How could zipWith be used to combine that cycling pair of functions, with a sequence of numbers, such that every other number was doubled? What would the combiner function need to be? It would have to take a value (the number), and a function (do-nothing or double), and apply the function to the number.

We’ve already written a function that does that, last time: pipe forward.

infix operator |> {
    associativity left
}

public func |> <T,U>(t: T, f: T->U) -> U {
    return f(t)
}

So, if we passed in pipe forward as the function to zipWith, it’d do exactly what we want:4

// a function that does nothing to its input
func id<T>(t: T) -> T {
    return t
}

// a function that doubles its input
func double<I: IntegerType>(i: I) -> I {
    return i * 2
}

// an array of those two functions, for Ints:
let funcs: [Int->Int] = [id, double]

// double every other number from one to ten
// returns [1,4,3,8,5,12,7,16,9,20]
zipWith(1...10, cycle(funcs), |> )

Finally, let’s implement the new checksum function. We’re going to re-use the , mapSome, toInt, sum and isMultipleOf functions from the previous article, just redefining the digit-doubling part:

let doubleThenCombine = { i in
    i < 5
        ? i * 2
        : i * 2 - 9
}

let idOrDouble: [Int->Int] = [
    id,
    doubleThenCombine,
]

let doubleEveryOther: [Int]->[Int] = { zipWith($0, cycle(idOrDouble), |> ) }

let extractDigits: String->[Int] = { mapSome($0, toInt) }

let checksum = isMultipleOf(10) • sum • doubleEveryOther • reverse • extractDigits

let ccnum = "4012 8888 8888 1881"
println( checksum(ccnum) ? "👍" : "👎" )

This shows another benefit of the function composition approach. We completely changed the way the doubleEveryOther function was implemented, but because its interfaces in and out remained the same, everything else could stay untouched. Compare this with the iterative version, where looping and doubling and summing were all tangled up together.

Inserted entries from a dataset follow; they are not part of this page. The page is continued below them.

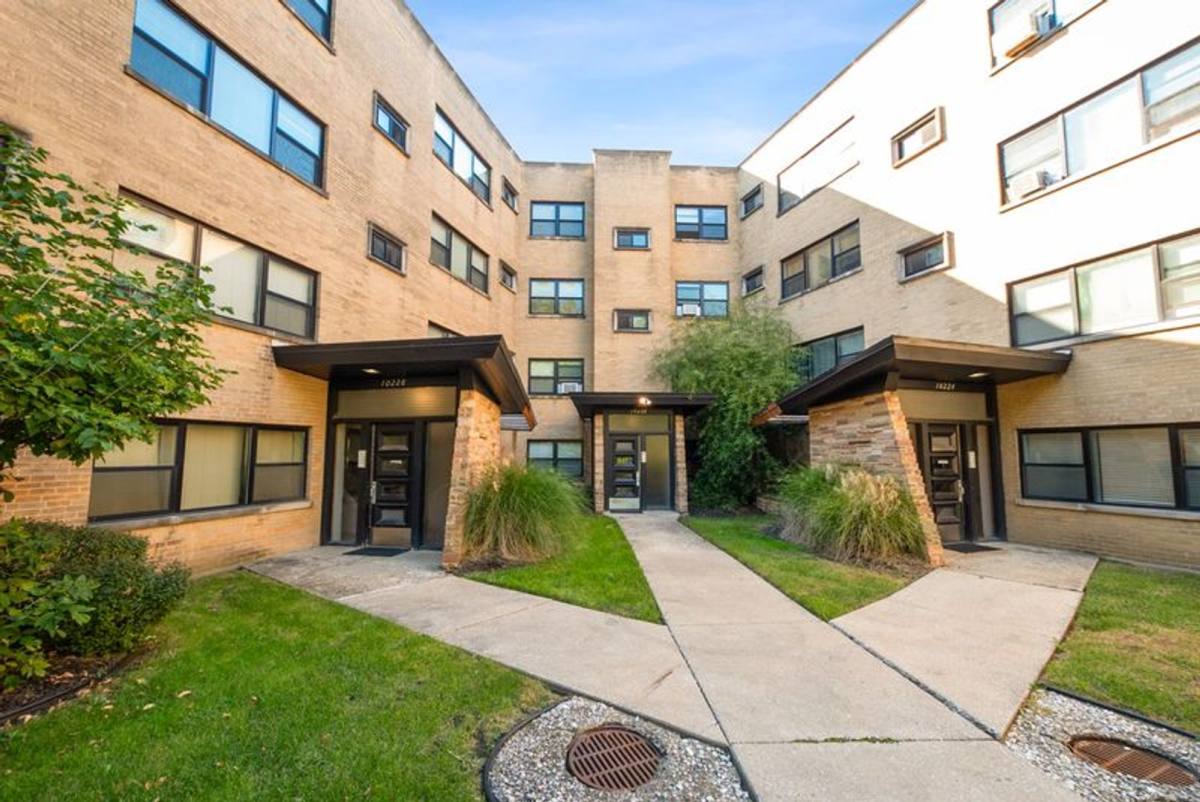 Apartment for rent at 10206-30 S Walden Parkway, Chicago, IL 60643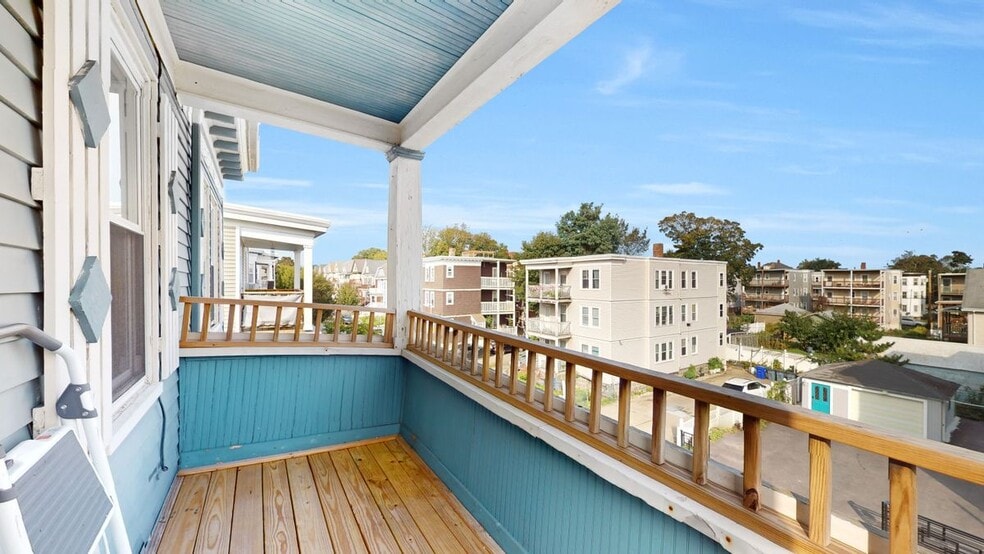 Building Photo - 63 Whitten St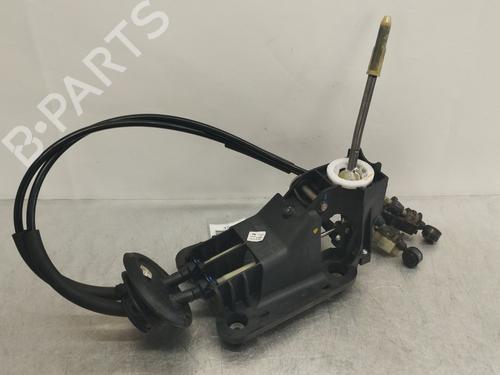 Used Gear lever PEUGEOT 208 I (CA_, CC_) 1.4 VTi (95 hp) 14408648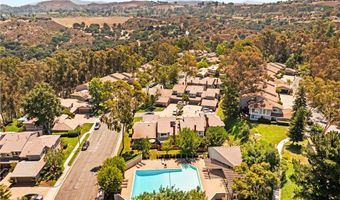 6519 E Camino Vis 4, Anaheim, CA 92807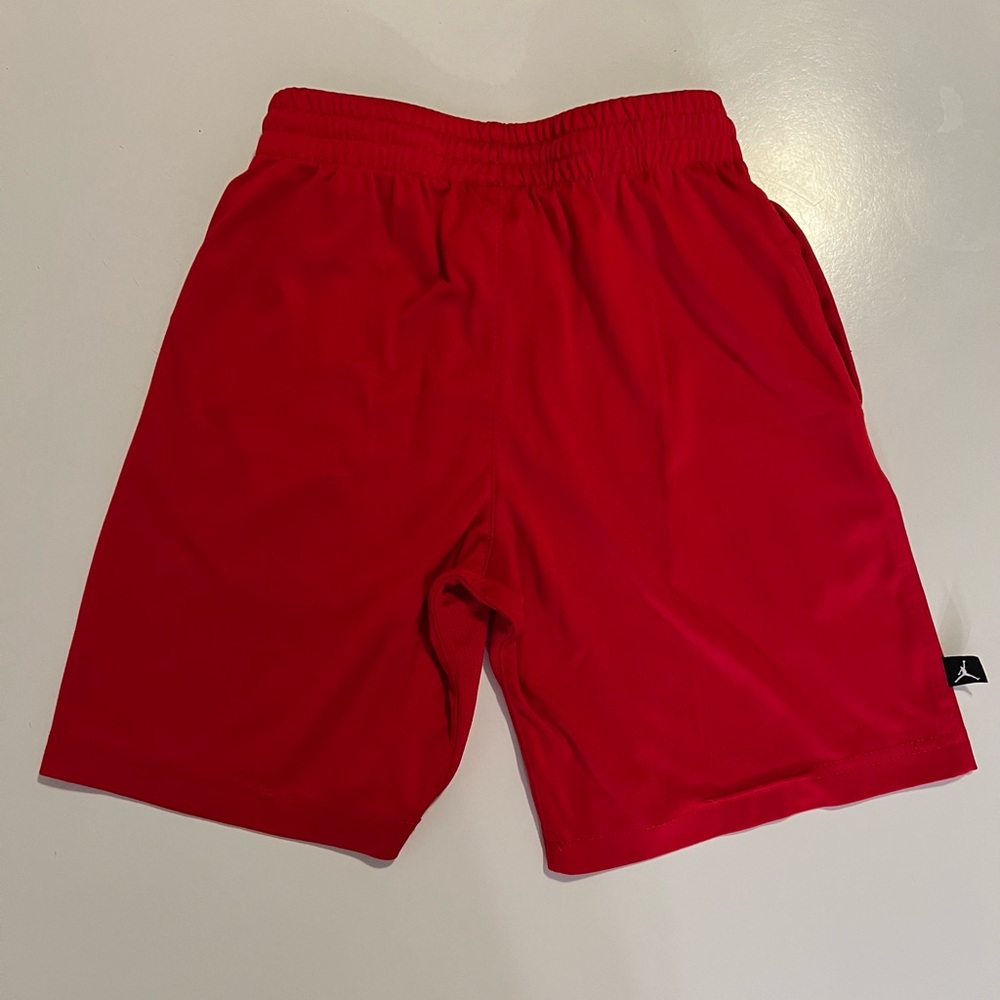 Bundle of 2 small kids shirts and 3 small kids athletic shorts - Picture 11 of 16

So that’s nice, but you might ask if this version is any better than the version from the last post that used mapEveryNth. And it probably isn’t.

But what it does do is show the power of treating functions like any other object, storing them in a collection and iterating over them.

Suppose the Luhn algorithm actually required you to double the even-positioned numbers, but halve the odd ones. Using the mapIfIndex function, you’d need to take two passes (or write another function that took two transformations). With the zipWith technique, all you’d have to do is replace id with a function to halve its input.

You could take this even further. In this example, the array was built literally. But imagine a scenario where you needed more dynamic behaviour – where the array of functions you passed into zipWith were built at runtime, perhaps chosen via user interaction.

“Big whoop,” you say. “This is just like an array of delegates. I’ve been doing this for years.” And that’s totally fair. But functions can be both lighter-weight and more flexible. No need to create an interface, define methods, create an object that implements the interface, worry about which methods need real implementations and which just need stubbing out. The callee defines the function type, the caller writes a closure expression, maybe captures a few variables, and we’re done. For more on this, see Peter Norvig’s slides on how language features can make design patterns invisible or simpler.5

As ever, you can find all the general-purpose functions defined in this post in the SwooshKit framework.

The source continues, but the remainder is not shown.